The efforts require a coordinated mechanism that will provide an enabling environment for an integrated approach to the formulation and implantation of development plans and socio economic related policies in Botswana that are responsive to the changing climatic conditions.

Minister Kereng explained the draft policy is characterized by an inclusive and integrated approach to social, economic development and governance modalities that would enable the country to achieve a sustainable development pathway. It provides opportunities for improved livelihoods through creation of green jobs, development and transfer of relevant technologies as well as creation and ease of access to both local and international markets. It also commits the government, private sector and non-state actors to adopt adaptation and mitigation measures that would facilitate sustainability and building of resilience of all sectors.

While Members of Parliament were trying to comprehend the policy, this publication got in touch with Green Botswana to solicit their views on the policy draft. Ms. Sela Motshwane, the Founder of the Trust highlighted that “the Climate Change policy was meant to be read in August 2019. It is long overdue, and we all need to see it and understand it in full.

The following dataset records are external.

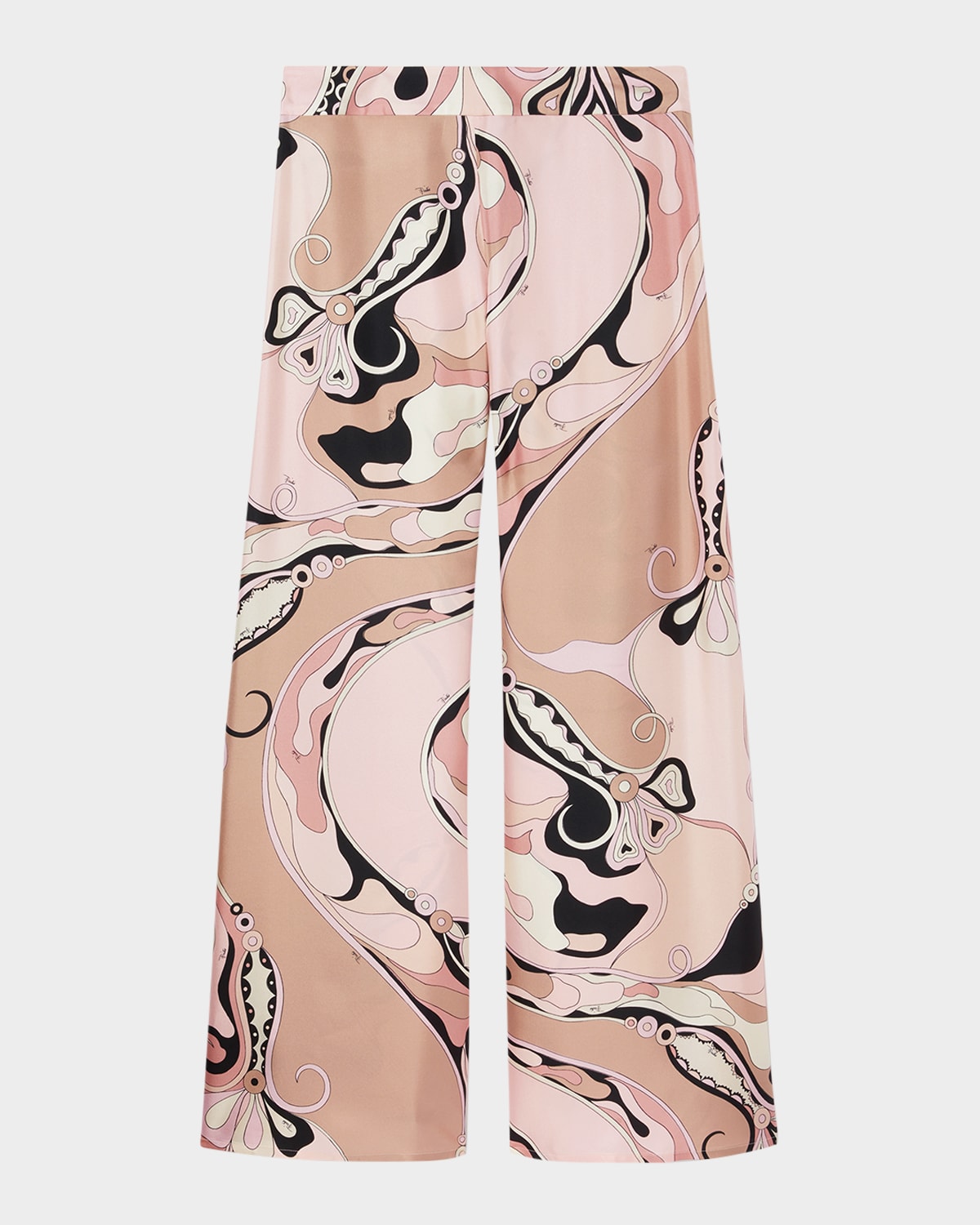 Pucci Orchidee Print Silk Twill Wide-leg Pants In Nude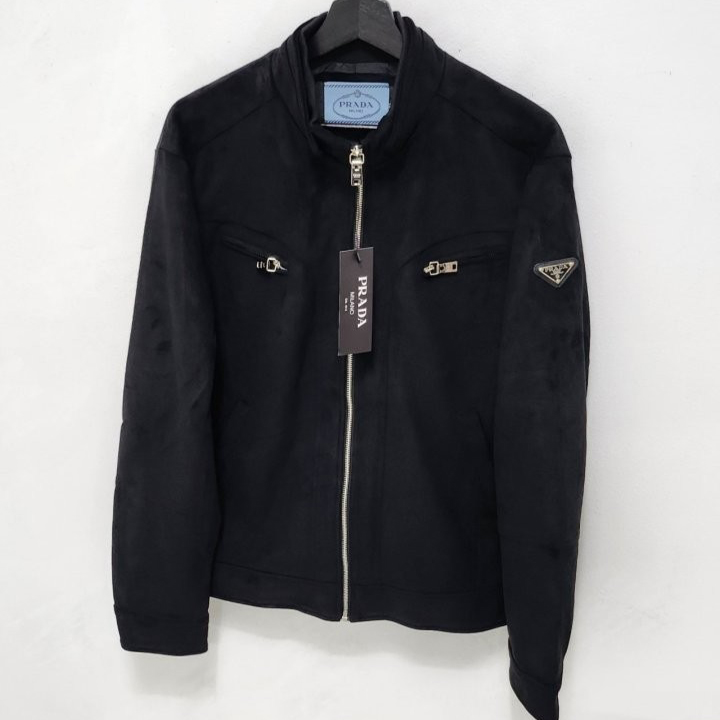 프라다 로고 스웨이드 봄버 자켓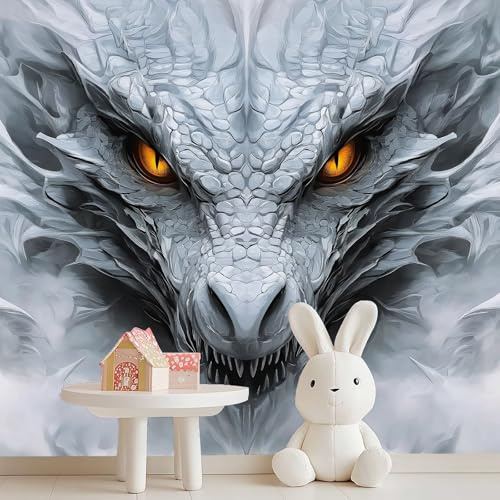 Living Room Photo Wallpaper Mural - Fantasy Art Animals Dragon Wall Art Sticker Poster for Bedrooms, Grey Mural Photo Wallpaper for Sofa Backdrop Wall Decoration, 400 x 280 cm (W x H)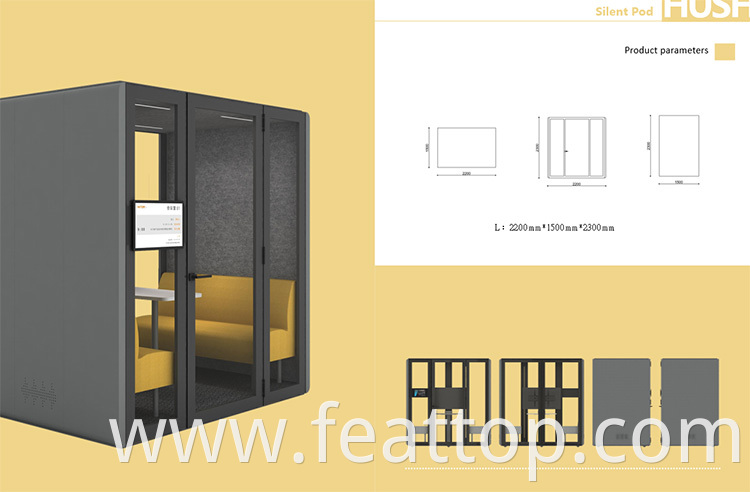 Modern design movable silence acoustic phone booth soundproof office meeting pod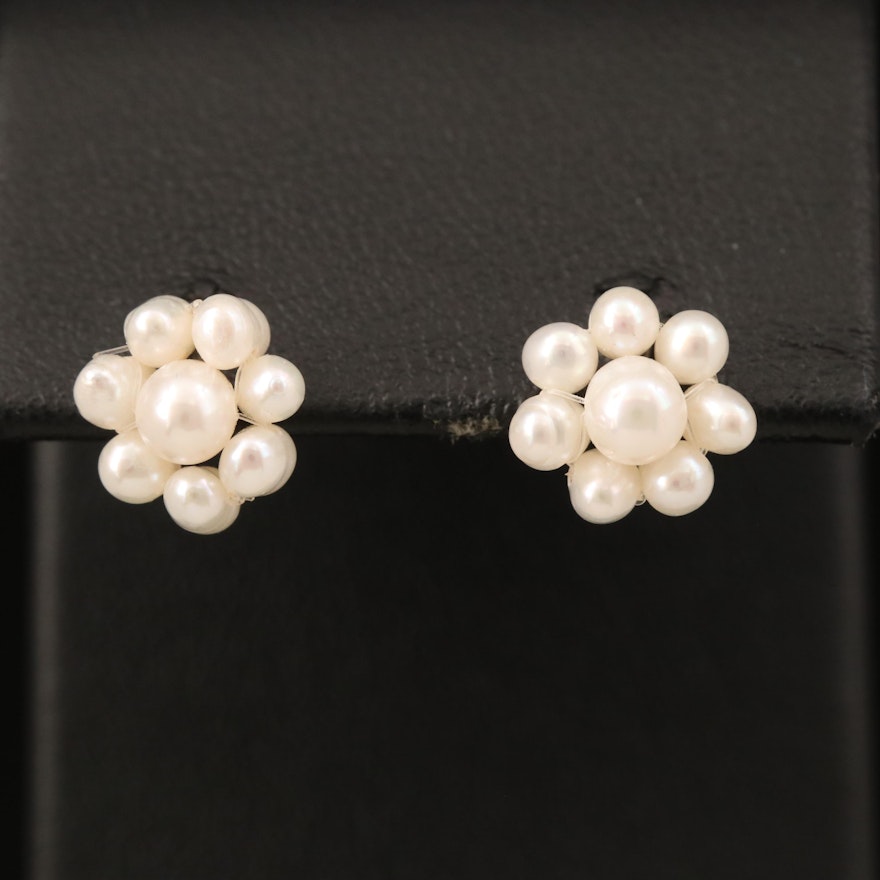 14K Pearl Cluster Stud Earrings
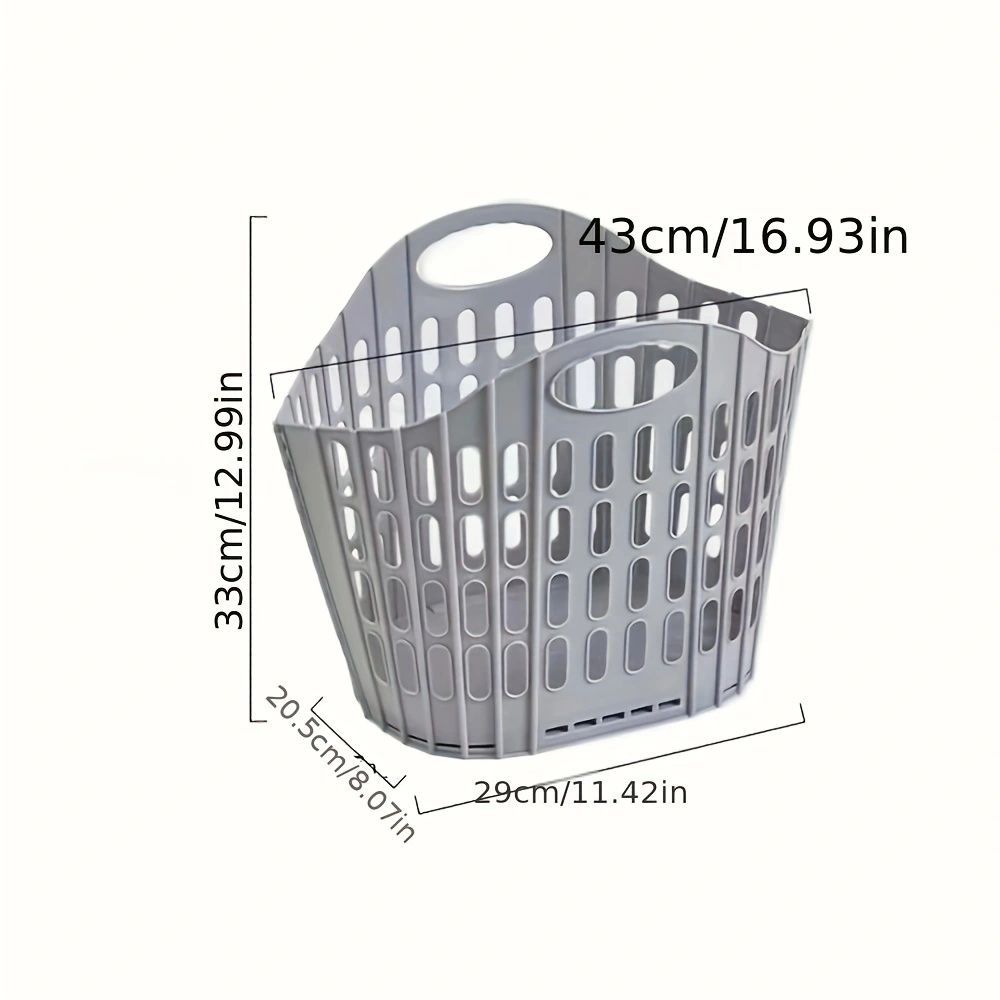 1PC Folding Laundry Storage Basket Large Capacity Bathroom Wall Hanging Basket Space Saving Design Suitable for Home Use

I understand the current budget does not allow for a full implementation- but I could be wrong. More funds could have been allocated since. I think generally, Batswana need to understand fully what this means to our daily lives. I believe the true understanding is by policy drafters and the Ministry of Environment only.”

In the same vein, Green Botswana Trust took to the streets to provide a community solution to climate change on World Health Day (Wednesday). Green Botswana held a “Free Trees for Babies” at Extension 2 Clinic where fruit trees were gifted to parents, expectant mothers, 25 health workers, police officers and the prison officers who had accompanied prisoners to the clinic.

Motshwane said: “The decision to do the “Free Trees for Babies” by gifting fruit trees was to raise awareness to our imminent food security issue as stated by the Deputy Permanent Secretary of the Ministry of Agricultural Development and Food Security, Mr. Thabang Botshoma and encourage the general public to plant a tree so that we can reach our SGD Goal 13 : Climate Action. The trees gifted are to be named after the baby recipient”.

Green Botswana is calling for the urgent action from government and members of the public to create a culture of community accountability and collegiality in moving Botswana towards climate action and sustainability. To achieve the 2030 Paris Agreement Pledge, it will take all citizens and not just the government to reach goals.

Parliament resolved to adopt the Botswana Climate Change Policy, 2021.